Input data =>
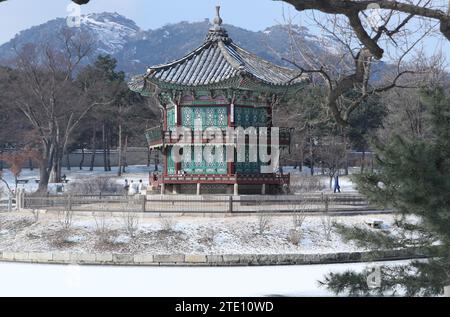 Séoul, Corée du Sud. 20 décembre 2023. Les touristes visitent le palais Gyeongbokgung à Séoul, Corée du Sud, le 20 décembre 2023. Crédit : Yao Qilin/Xinhua/Alamy Live News Banque D'Images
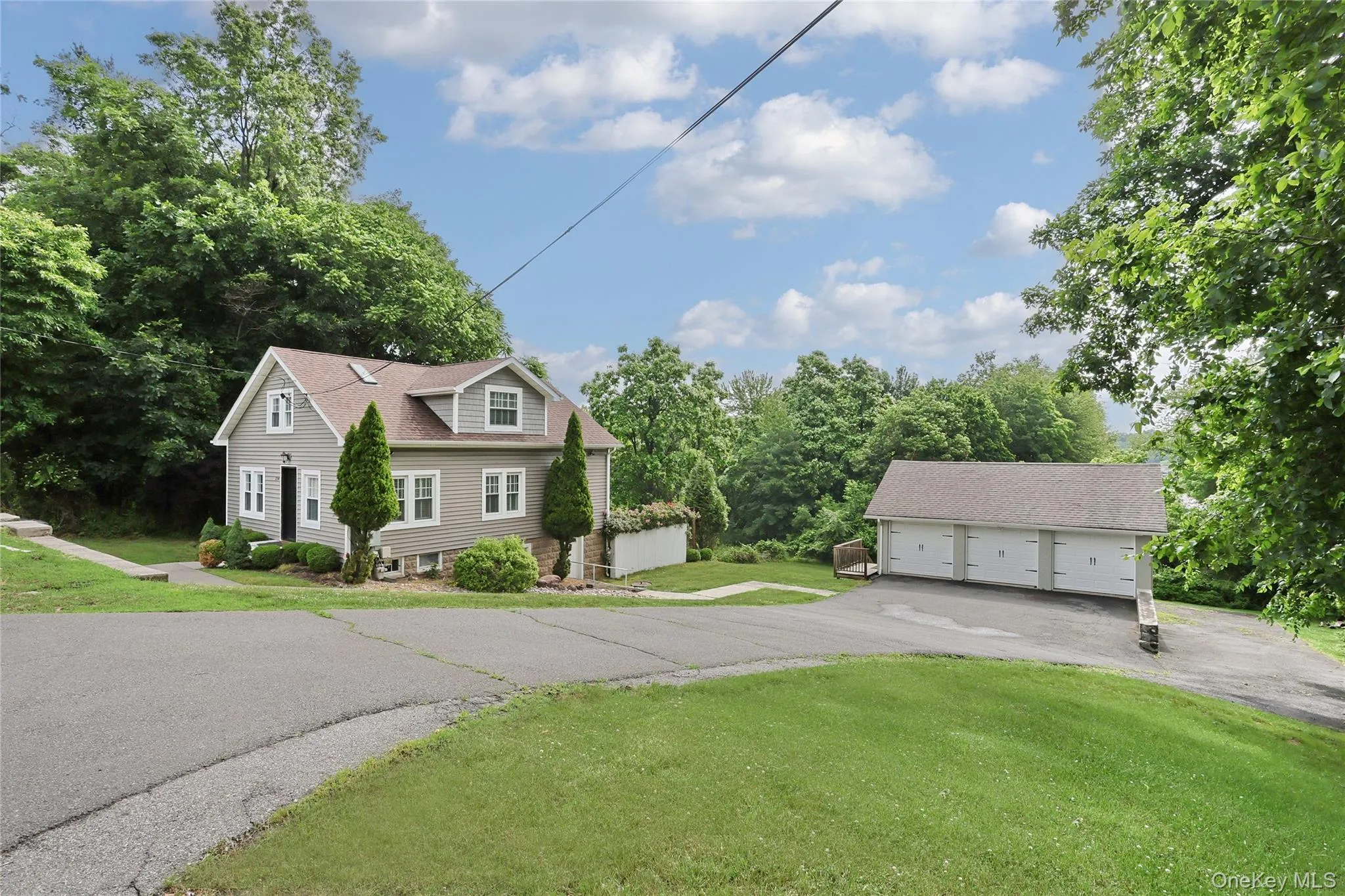 254 Main Street, Clarkstown, NY, 3 Bedrooms Bedrooms, 7 Rooms Rooms,3 BathroomsBathrooms,Residential,For Rent,Main,0,1013464 254 Main Street, Clarkstown, NY, 3 Bedrooms Bedrooms, 7 Rooms Rooms,3 BathroomsBathrooms,Residential,For Rent,Main,0,1013464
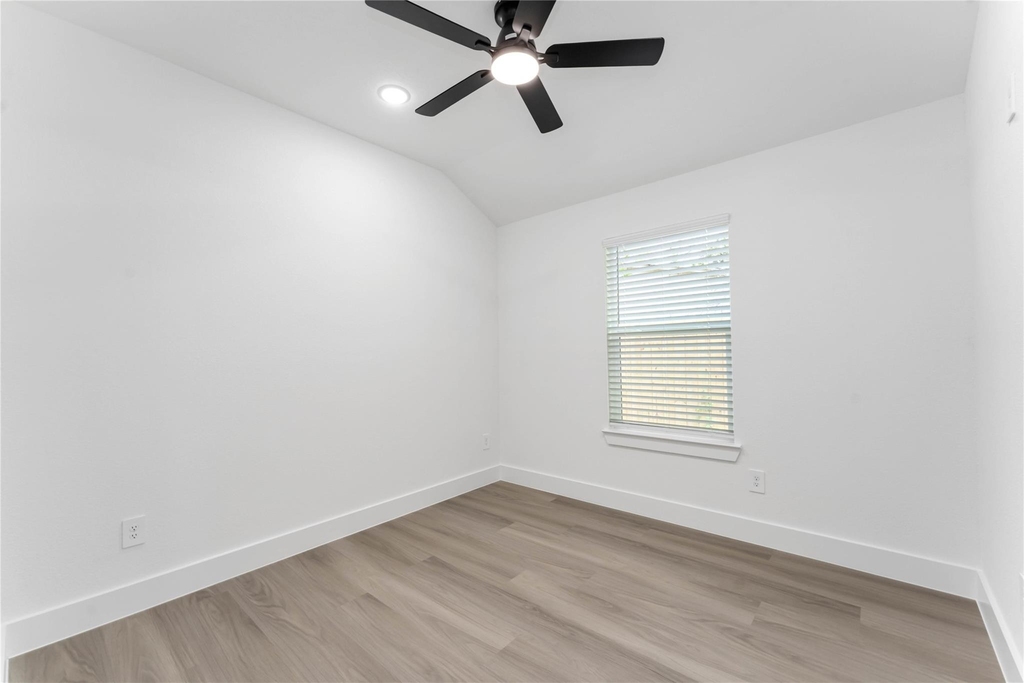9406 Sandra Street - Photo 15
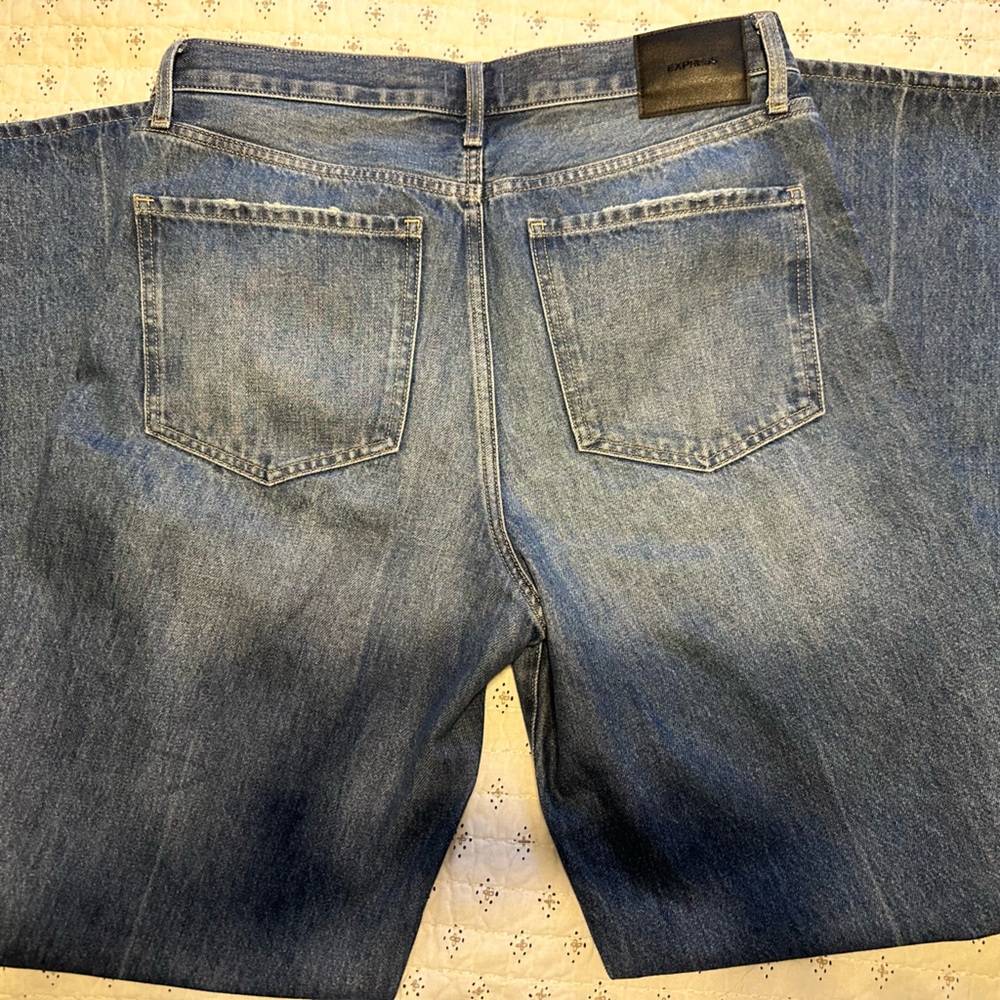 Express High Rise Jeans - Picture 5 of 8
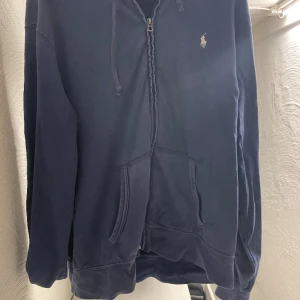 Ralp lauren zip hoodie  - Storlek L, säljer pågrund av att den vart för stor, använd 1 gång 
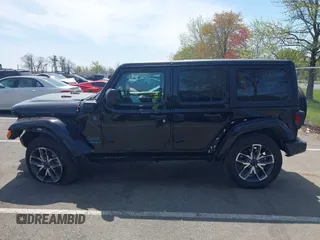 2024 Jeep Wrangler Willys с VIN 1C4RJXN68RW145341, выставлен на аукционе IAAI как лот 42107372 с пробегом 15 101 миль миль и . История ставок и продаж доступна на DreamBid. Изображение 14.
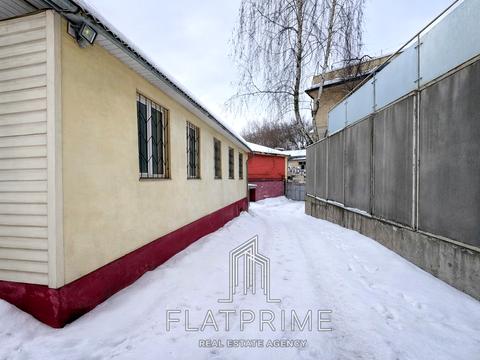 комерційна за адресою Нижньоюрківська вул., 39А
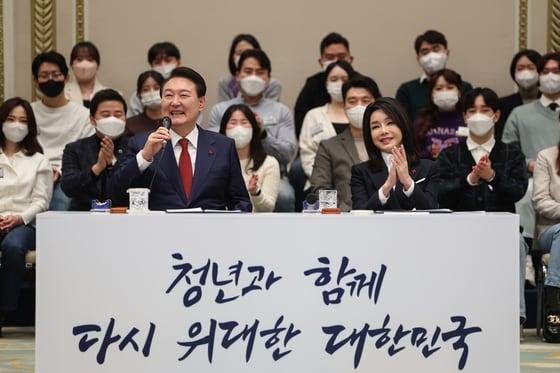 본문 이미지 - 윤석열 대통령과 김건희 여사가 청와대 영빈관에서 열린 청년과의 간담회에서 웃음짓고 있다. 윤 대통령은 이 자리에서 그동안 국정 운영에 대해 다양한 의견을 개진해온 청년 200여 명과 노동ㆍ교육ㆍ연금 등 3대 개혁 등을 주제로 간담회를 가졌다. (대통령실 제공) 2022.12.20/뉴스1 ⓒ News1 오대일 기자
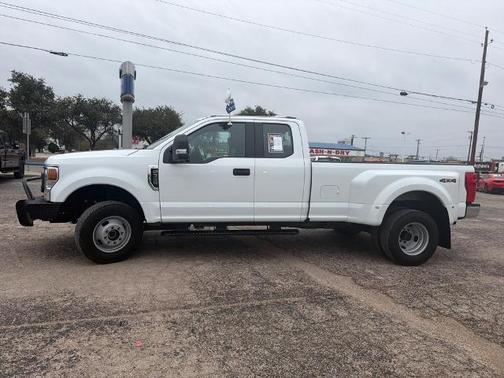 2022 Ford F-350 LARIAT SUPER DUTY
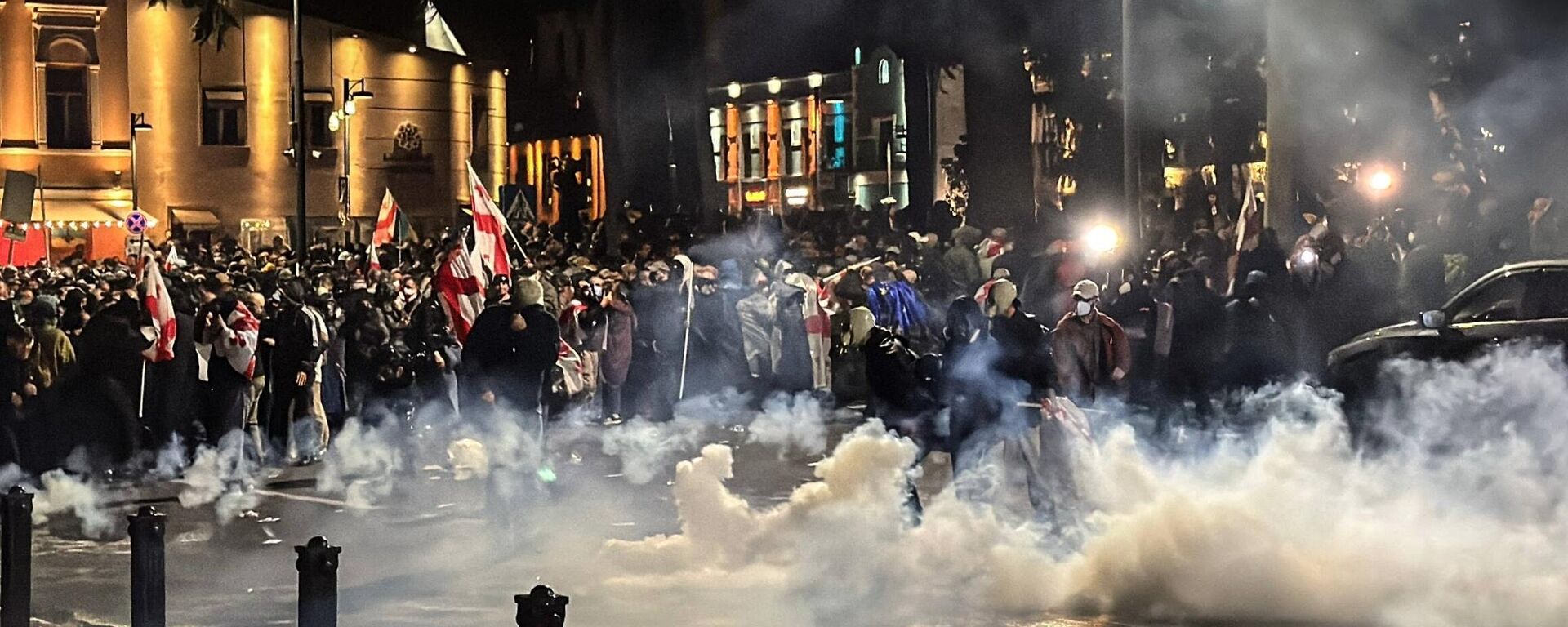 Participantes da manifestação da oposição entram em confronto com a polícia em Tbilisi, Geórgia durante as eleições, em 4 de outubro de 2025 - Sputnik Brasil, 1920, 04.10.2025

What you need to do => Your answer should be the lines above, word for word, from the line with "BathroomsBathrooms,Residential,For Rent,Main,0,1013464 254" through the line with "комерційна за адресою", minus the pictures.

Response =>
 254 Main Street, Clarkstown, NY, 3 Bedrooms Bedrooms, 7 Rooms Rooms,3 BathroomsBathrooms,Residential,For Rent,Main,0,1013464 254 Main Street, Clarkstown, NY, 3 Bedrooms Bedrooms, 7 Rooms Rooms,3 BathroomsBathrooms,Residential,For Rent,Main,0,1013464
9406 Sandra Street - Photo 15
 Express High Rise Jeans - Picture 5 of 8
 Ralp lauren zip hoodie  - Storlek L, säljer pågrund av att den vart för stor, använd 1 gång 
 2024 Jeep Wrangler Willys с VIN 1C4RJXN68RW145341, выставлен на аукционе IAAI как лот 42107372 с пробегом 15 101 миль миль и . История ставок и продаж доступна на DreamBid. Изображение 14.
 комерційна за адресою Нижньоюрківська вул., 39А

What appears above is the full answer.